Could any one tell me how and what is the value of $\int_{|z|=2}ze^{3\over z}$ where the contour is oriented in anti clockwise direction. Can I apply Cauchy integral formula here?

What is the Laurent series of $ze^{\frac{3}{z}}$ in a punctured neighborhood of the origin? You know that:

(1) $e^z=\sum_{n=0}^{\infty} \frac{z^n}{n!}$

is the Taylor series for the exponential function and if we substitute $\frac{3}{z}$ in (1), then we obtain:

(2) $e^{\frac{3}{z}}=\sum_{n=-\infty}^{0} \frac{z^n}{3^n n!}$;

the Laurent series of $e^{\frac{3}{z}}$ in a punctured neighborhood of the origin.

Exercise 1 (easy): Use (2) to determine the Laurent series of $ze^{\frac{3}{z}}$ in a punctured neighborhood of the origin.

Exercise 2: Calculate the residue of $ze^{\frac{3}{z}}$ at $z=0$; it's the coefficient of $\frac{1}{z}$ in the Laurent series of $ze^{\frac{3}{z}}$.

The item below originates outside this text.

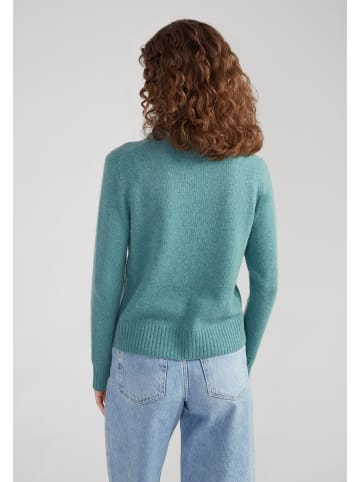 Style Republic REGULAR ROLLKRAGENPULLOVER in mint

Exercise 3: Apply the Residue theorem!

If you hover your cursor over the grey box directly below, then you'll see the answer that you should get by doing the above computations. (I strongly encourage you to do the calculations yourself and subsequently check your answer by hovering your cursor over the grey box directly below.)

$9\pi i$

I hope this helps!

More precisely the result you want to use is the residue theorem. The theorem applies to essential singularities, as well (as is the case here). Therefore what you need to do is calculate the residue at the origin.